MILAN, Dec 9 (Reuters) - Italian fashion brand Missoni does not plan a bourse listing in the near future, the chief executive of the company known for its bold stripes and zigzag patterns said in an interview published on Monday.
“I exclude it,” Italian newspaper Corriere Economia quoted Alberto Piantoni saying in response to the question whether family-owned Missoni would list on the stock exchange.
“We want to grow but with our own resources and at our own pace,” he said. “We want to make the company grow and grow well.”
Italy’s family-owned fashion brands have proved popular targets for foreign luxury conglomerates and several have completed successful initial public offerings (IPO).
France’s LVMH bought 80 percent of Italian luxury cashmere brand Loro Piana for 2 billion euros in July.

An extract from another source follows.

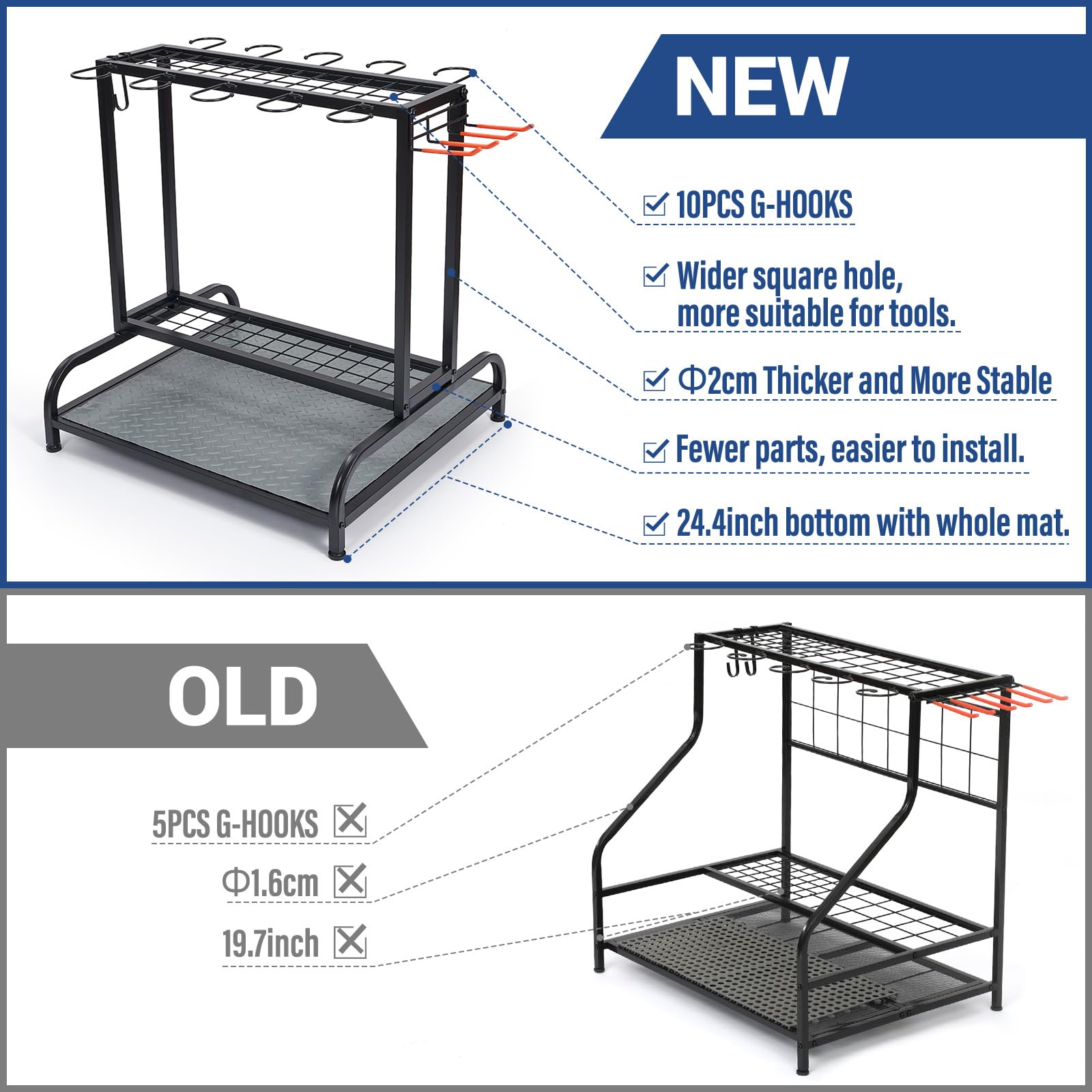 Kingarage rack features height-adjustable feet and protective rubber mat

Down jacket maker Moncler IPO-MON.MI closes order books this week for a share sale worth up to 785 million euros which is set to knock leather group Salvatore Ferragamo off the top spot for the biggest IPO in the European luxury goods sector in years.
Ottavio and Rosita Missoni started making tracksuits in a small workshop near Rosita’s home town of Gallarate in north-west Italy, before presenting their first knitwear collection in Milan in 1958.

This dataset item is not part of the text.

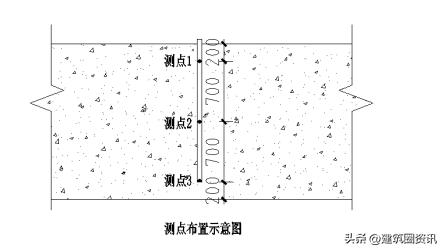 中建土建工程过程资料全套,筏板大体积混凝土施工方案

The founders’ children and grandchildren took over managing the company in 1996, aiming to relaunch the brand and attract a larger, younger market. Ottavio died in May at the family home next to the company’s factory.
The fashion house should see sales growth this year of around 5 percent to 160 million euros ($219 million), including revenue from licence agreements, based on preliminary figures, Piantoni told Reuters in June.
He also said then that a stock market listing could be a long-term possibility.